We tried to conceive for 3 years, and never had any explanation for our medical diagnosis of "undiagnosed fertility". In that time, I worked on a daily basis with parents who were at risk of having their children removed from their care due to allegations of neglect, and all types of abuse. The mothers who had baby after baby after baby removed, were the hardest ones to be around. As were drug using parents with new borns; all I could ask was how could an anorexic heroin addict get pregnant, with all the abuse she had done to her body, when I couldn't? My friends seemed to sneeze and fall pregnant. Every gathering with friends was bitter sweet while they talked about their little ones, and celebrated their news. I was happy for them, but distraught for me. I left one gathering, and cried the whole 6 hour journey home on the train. My friends knew I was sad but they didn't know how to help me and, in truth, they couldnt.
I now have a two year old child after successfully conceiving through IVF. Conceiving, and now having a child, still feels like a total miracle. I still struggle now to think about the pain that we went through to have our child. TTC was so emotionally traumatic that we decided we weren't going to try for a second. I couldn't take the heartbreak each month. I simply couldn't go through that trauma again.

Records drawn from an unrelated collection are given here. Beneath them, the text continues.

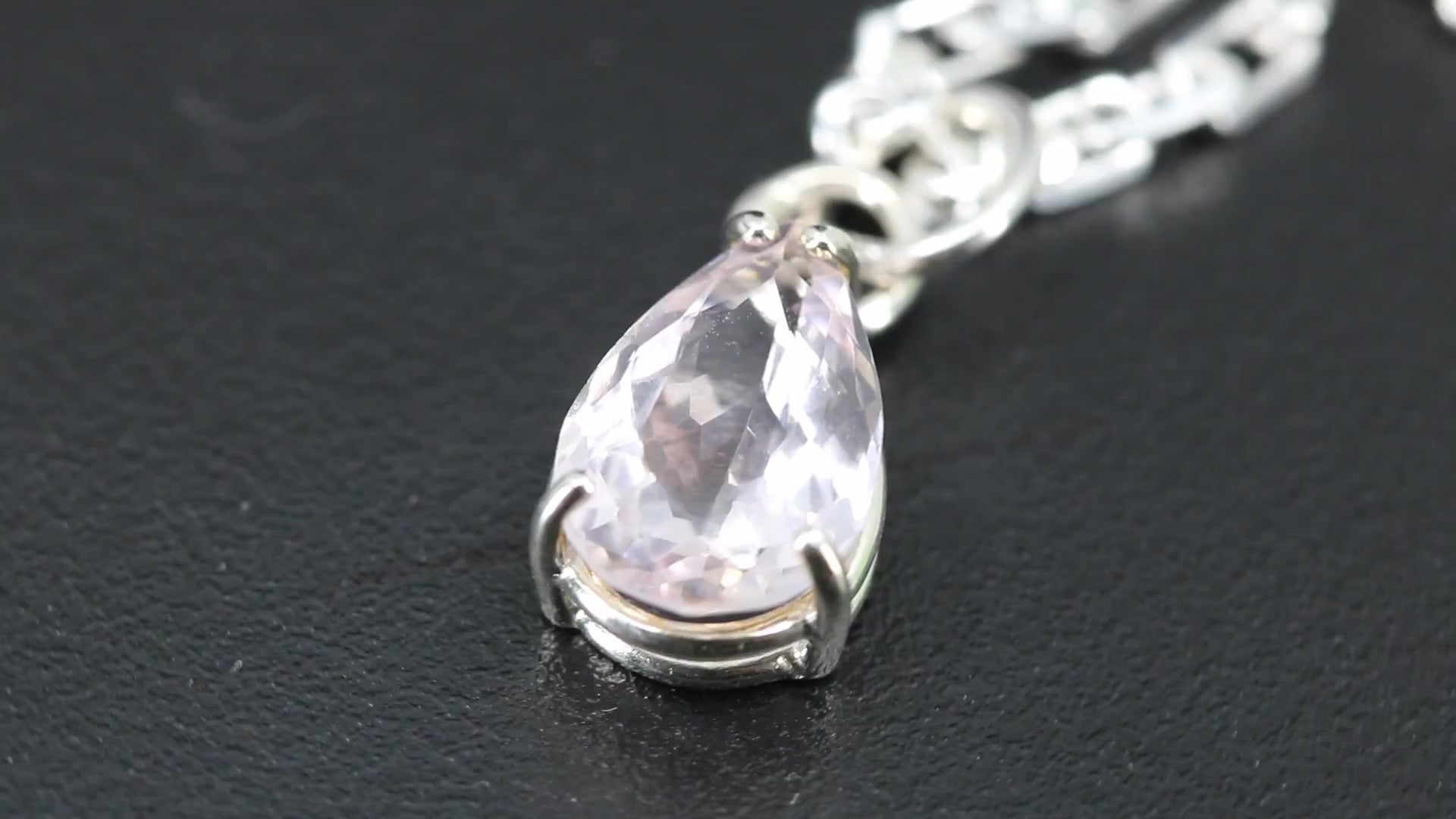 Rose Quartz pear shaped facet set in sterling silver video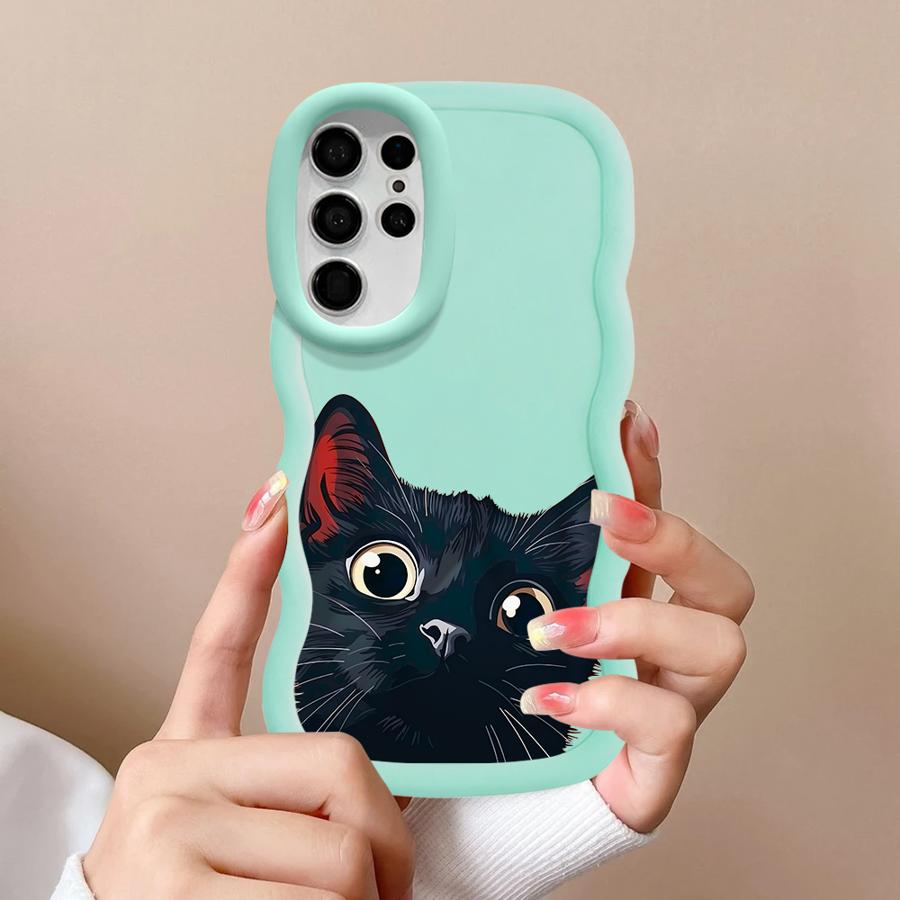 Cute Cat Pattern Case for Samsung Galaxy S23 Plus A25 S24 S22 Ultra S21 A26 S25 S20 FE Soft Phone Cover A35 A55 A36 A54 A24 A34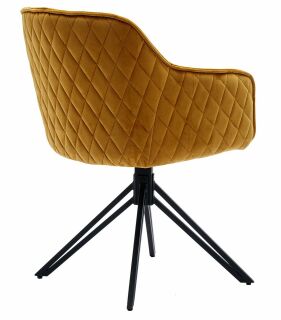 Armlehnstuhl mit 360° Drehfunktion Gelb/Schwarz | Stühle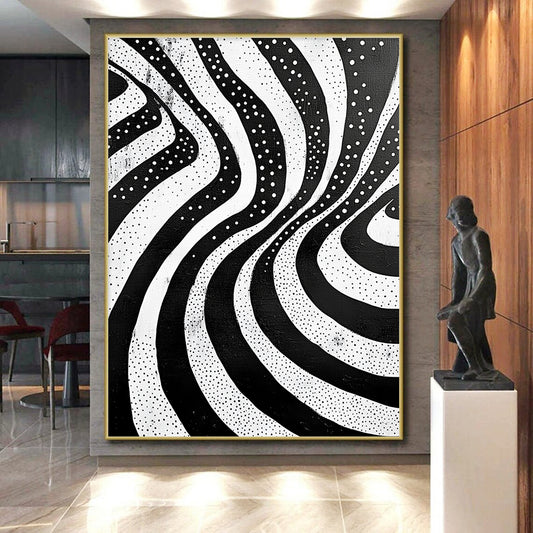 Black and White Wavy Dots "Rhythmic Flow" Painting On Canvas HB255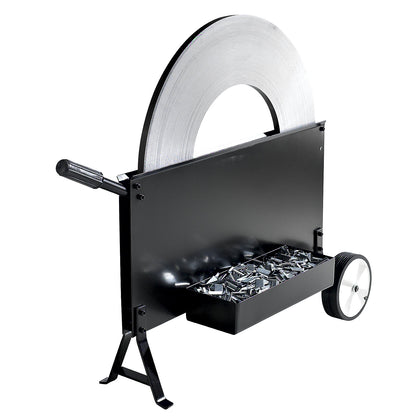 Strap dispenser for steel strapping, for ribbon coils, strap width 13 - 19 mm, mobile, with storage compartment.
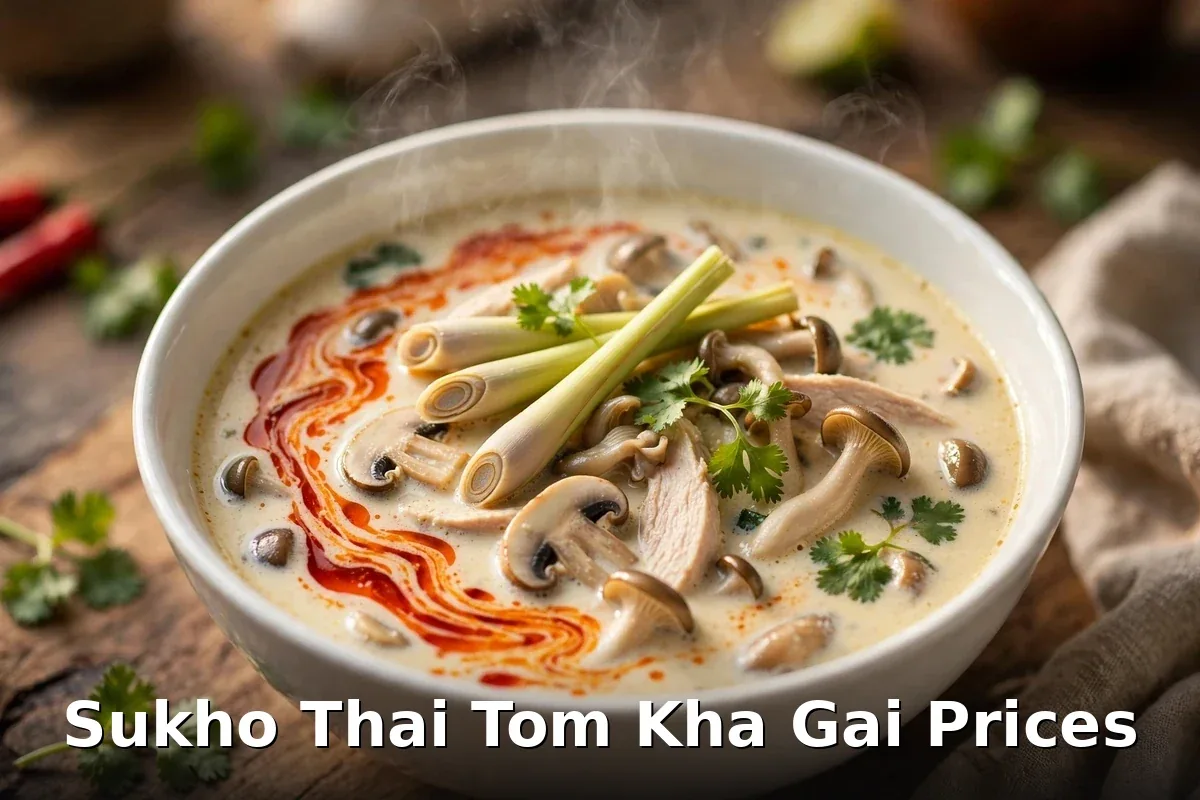 Coconut Tom Kha Gai soup bowl, sukho thai tom kha gai prices Canada Thai restaurant GTA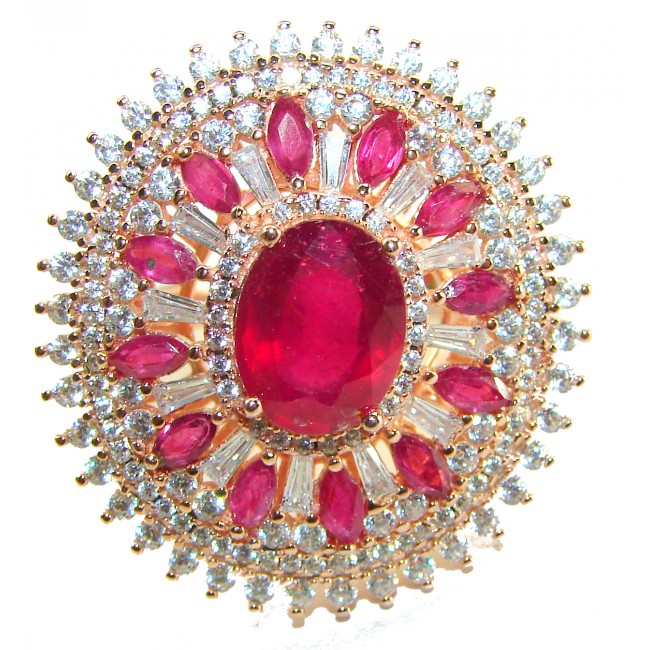 Exceptional Quality Authentic Kasmir Ruby 18K Rose Gold over .925 Sterling Silver Ring size 8 1/4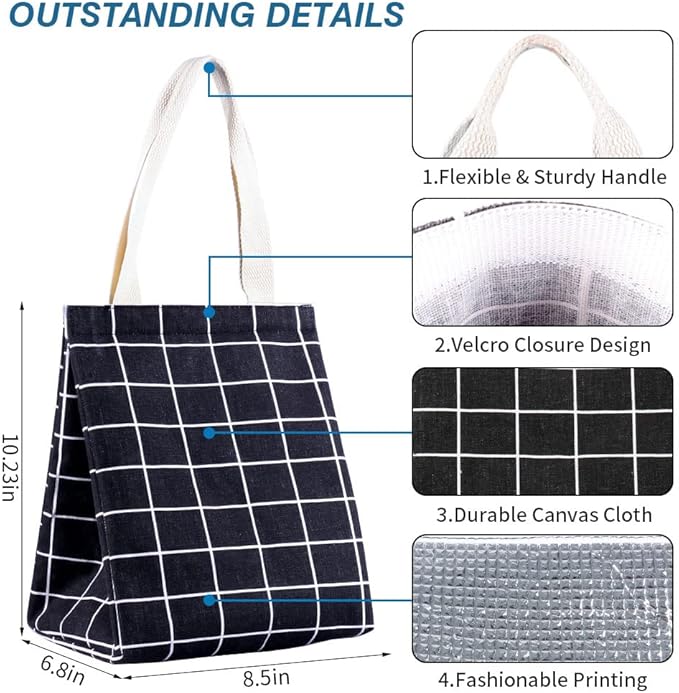 iknoe Insulated Lunch Bag for Women, 9L Sturdy Wide-Open Foldable & Portable Lunch Tote with Interior Pockets, Water-resistant Thermal Lunch Cooler for Adults Picnic Beach-Black Plaid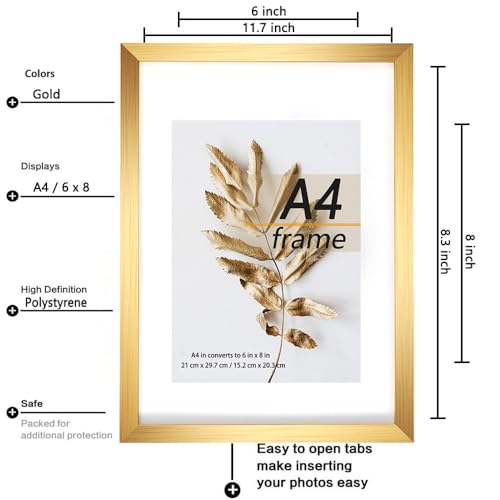 A4 Picture Frame Gold 3 Pcs set can Display 6x8 Picture with Mat or A4 Without Mat on the Wall - color: Gold, size: A4-3Pack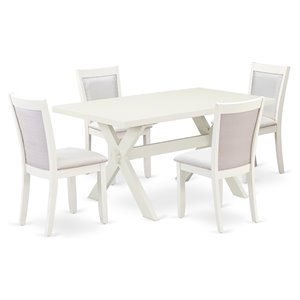 East West Furniture X-Style 5-Piece Asian Wood Dining Set in Cream/White
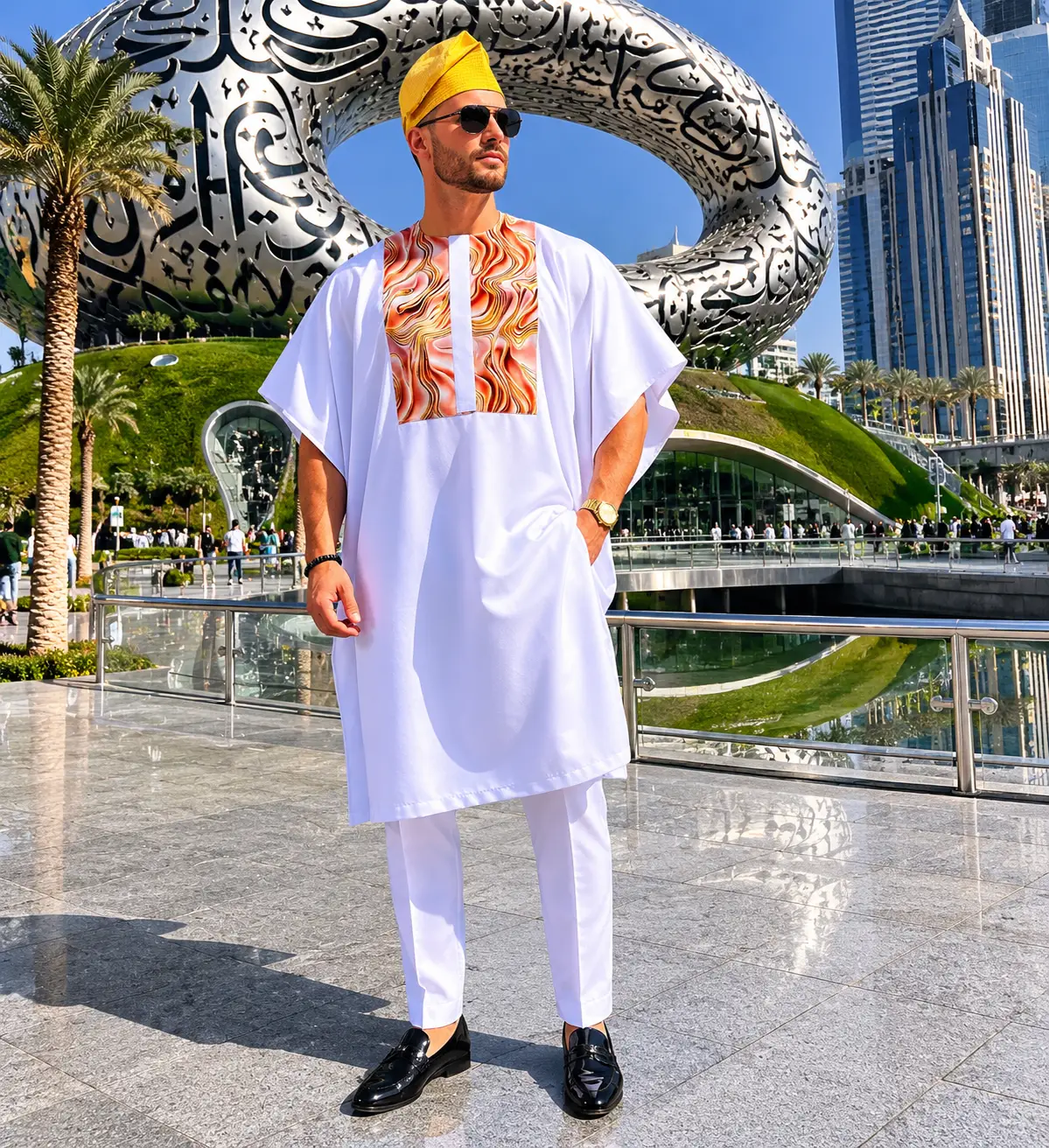 The Alabaster Oasis Luxury Agbada-Dashiki Set - Joush Luxury Fashion - Angle 2
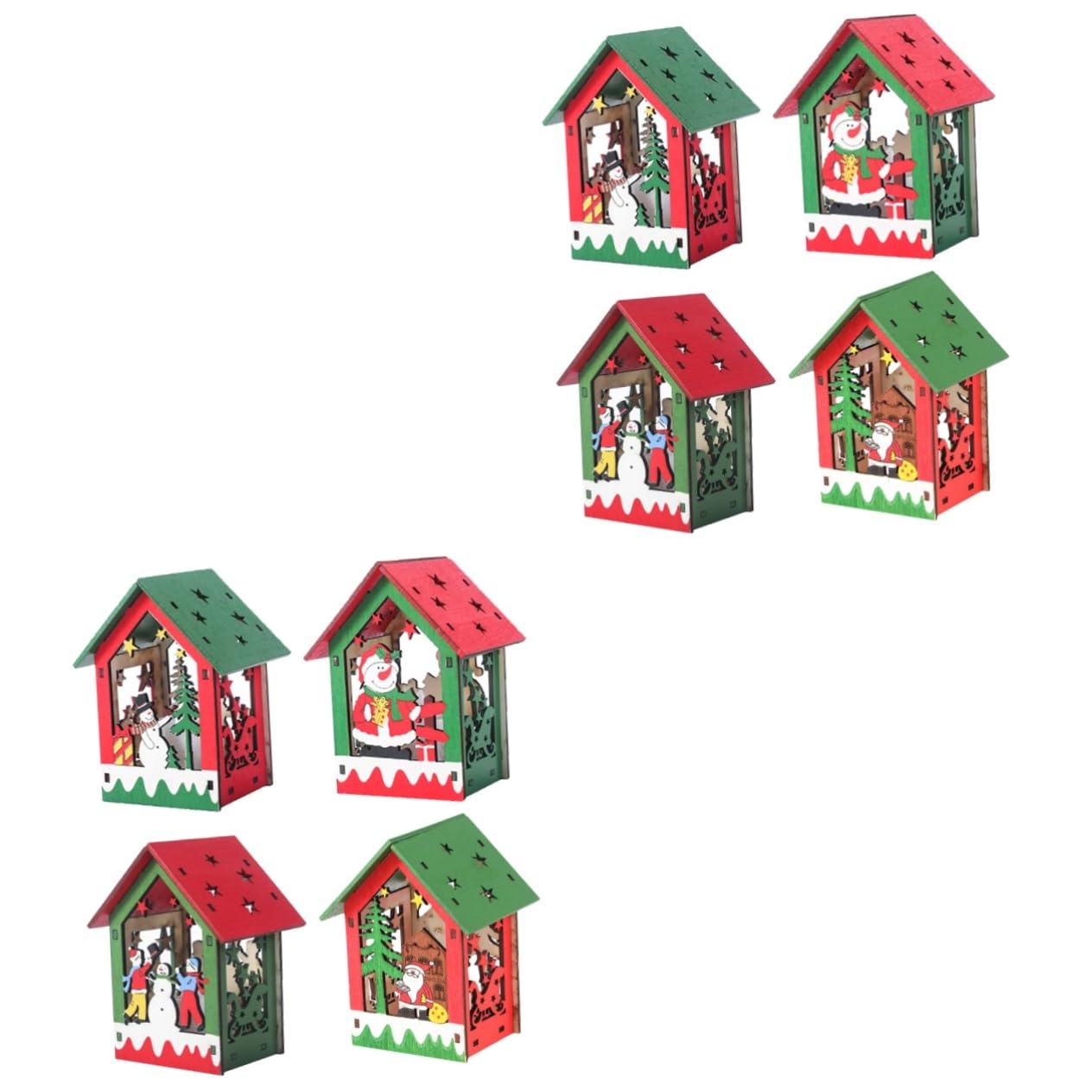 EXCEART 8 Pcs Christmas Tree Pendant LED Wooden House Xmas Tree Wood Toppe Christmas Village Decor Assembled Decorations Log Cabin Wooden Christmas Tree Ornaments New Year Party Pendant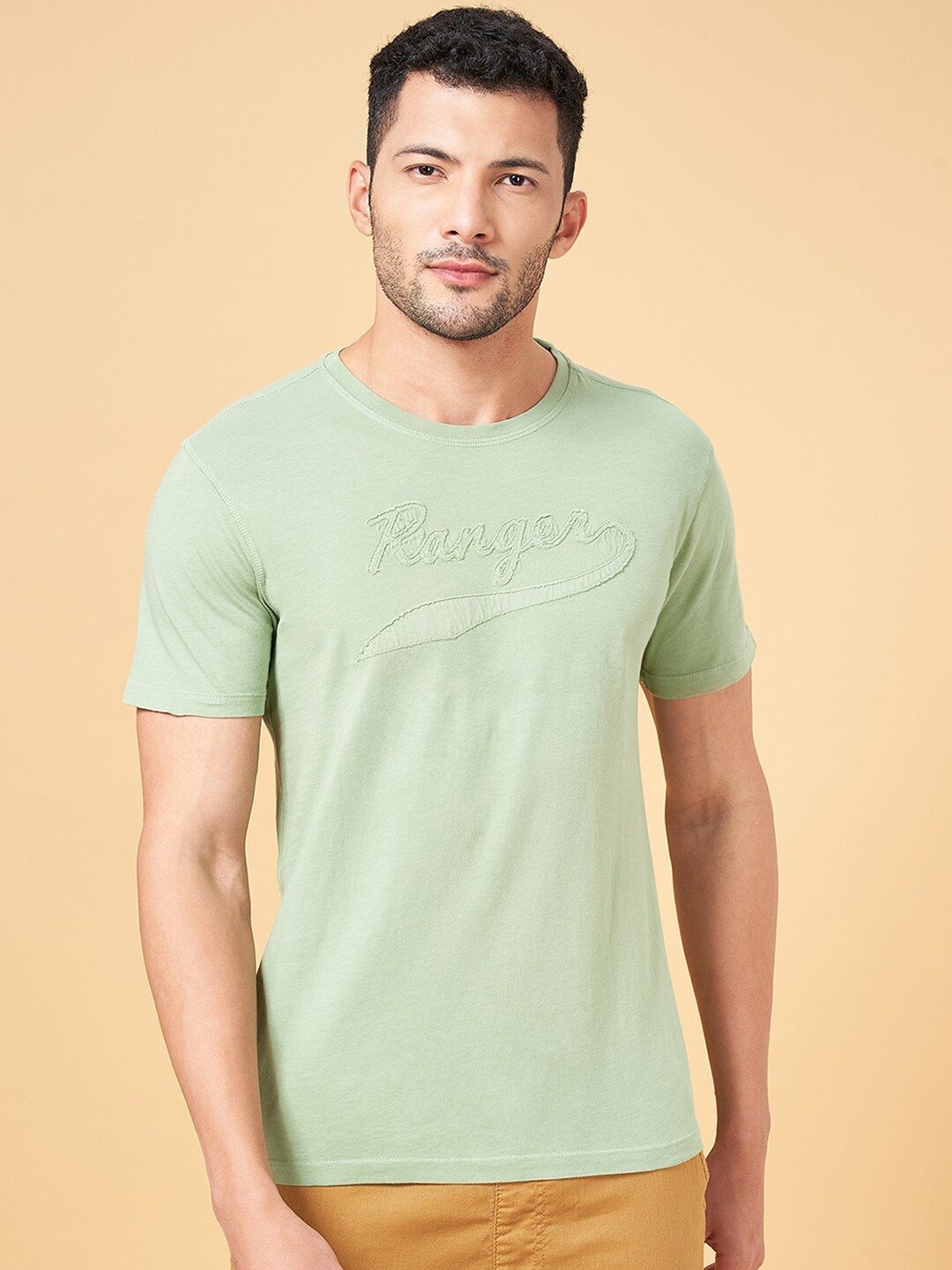

Urban Ranger by pantaloons Typography Printed Cotton Slim Fit T-Shirt, Green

We have recently discovered we are expecting another child. Conceived entirely naturally, entirely accidentally, and it still doesn't really seem real.
I guess I'm posting this long ramble, because it always helped me to read that IVF did work for people, that babies do arrive after years of heartbreak, that miracles do happen. I know how bleak it can all feel but there are some amazing stories of people conceiving after many years, and I think it helped me to hold on to those. My friend recently had her daughter after 3 years of TTC and a third and final attempt at IVF.
Good luck to anyone who this rings a bell with. And one last thing I will say....it hurt me more when I refused to tell my friends what was going on with me. The minute I opened up to them, everything hurt that little bit less and became that little bit more bearable.